Alternatively, I could adopt a different dataset. In so much I could undertake similar experiments to those reported on the KEA website. In these experiments, the group use the controlled agrovac vocabulary to extract key phrases from agricultural documents. I could extract phrases using the unsupervised KEA algorithm and compare the keyphrases as extracted using the adapted carrot2 scheme. That is, using the same extraction and preprocessing techniques and allowing for different clustering and resultant keyphrase extraction outcomes; and

3. Measuring cluster label quality and associated cluster quality - I have undertaking further research into this issue beyond my previous research.

Monday, September 3, 2007

Preprocessing Reuters-21450 Dataset

The Reuters-21450 dataset is a text file with a number of tags identifying the individual parts of the each article. However, this quasi-structure is not separated by fixed part lengths - thus the need to apply logic to separate each article into individual text documents.
I was able to facilitate this process through Excel and VBA. I copied the Reuters document into Excel, and was able to process its structure via its unique tags. This allowed me to build a table with each documents unique parts across the rows of the table. I was then able to write the bodies of each off these documents to individual text documents, whose filename is its article ID number. This process is illustrated in the following picture.



The end result of the application of this process is a repository of 10,621 text files - each with its corresponding article ID as its filename.
This provides the basic data for the next part of preprocessing which includes parsing, the removal of stop words and the stemming of terms. Terms in my approach to text mining include both keywords and key phrases.
It is worth noting that the table created in this initial preprocessing phase will form the fundamental cornerstone for the clustering process - that is, it relates each document to its concept(s). It is used for the purpose of comparing clustering outcomes with human-defined reality.

Sunday, September 2, 2007

Proposed Carrot2 Framework

The developed Carrot2 System is a modularised java-based program. It extensively employs Carrot2 java libraries and API references. It uses Carrot2 embedded Apache Lucene 2.2 to automatically handle a lot of the data pre-processing, specifically employing the Porter stemmer for stemming. The developed uses Carrot2 System Weiss developed parser which accounts for “names, e-mail addresses, web pages and such.” (Weiss and Osinski, 2007b)

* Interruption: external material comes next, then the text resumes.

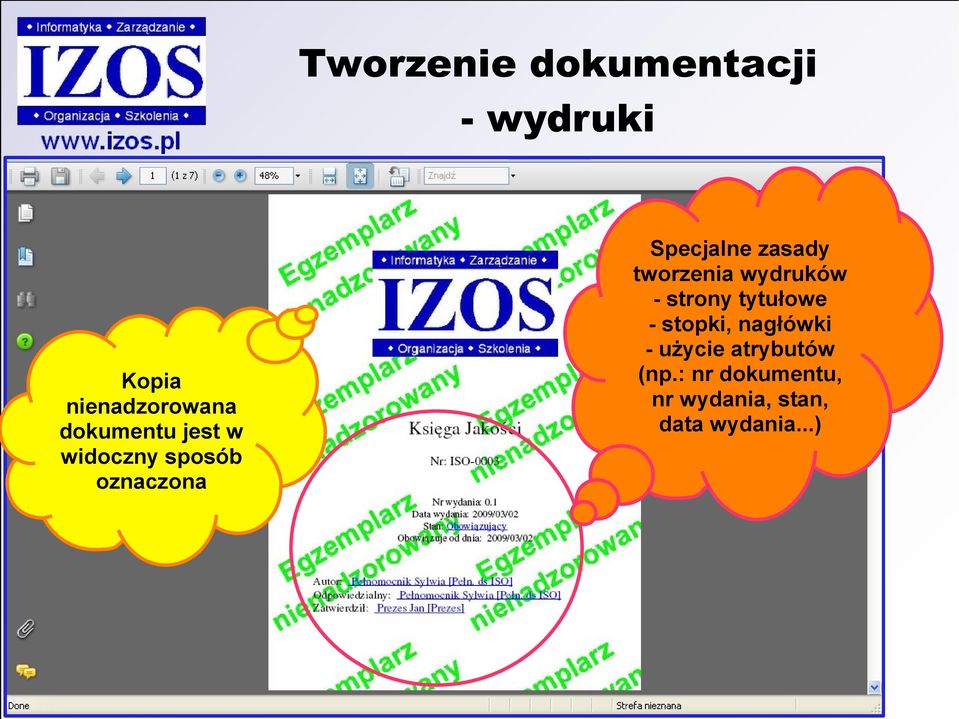 tworzenia wydruków - strony tytułowe - stopki, nagłówki -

Using Carrot2 API and source code to resource a lot of the peripheral text mining services allows for a stable environment through which to test the effect of changes to the assumed key phrase on the outcomes of clustering.

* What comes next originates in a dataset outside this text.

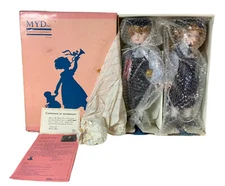 Marian Yu Designs MYD, Twins Brother Sister Porcelain Dolls Complete Ball & Rope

Clustering Experiments Dataset

Data acquisition in text mining experiments is concerned with the acquisition of information to be employed within the mining process itself. For the purposes of this paper, Reuters-21450 news corpus was the natural selection for undertaking data mining experiments. It is seen to be the benchmarking standard for automated text categorization, it is “estimated that this corpus has provided data for over 100 published research papers, particularly in the fields of information retrieval, natural language processing and machine learning.” (Rose et al., 2002, Weiss et al., 1999) The corpus relates to 10,788 news stories containing some 24,240 unique terms after stemming and the removal of stop words. In order to bench mark the outcomes of text mining algorithms, each story or document belongs to a category (on average 1.3 categories per document). There are 90 identified categories. The data is split into two sub-datasets according to ModApteSplit. (Lan et al., 2001) Thus, 75 per cent or 7769 documents of the corpus are taken to be the training set whilst the remaining 25 per cent or 3019 documents form the testing set.

Each document within the Reuters-21450 corpus has a title, a content section, a cluster assignment or a number of cluster assignments and an indicator of length. The corpus is partitioned into these documents and their respectable parts through specific text-based tags.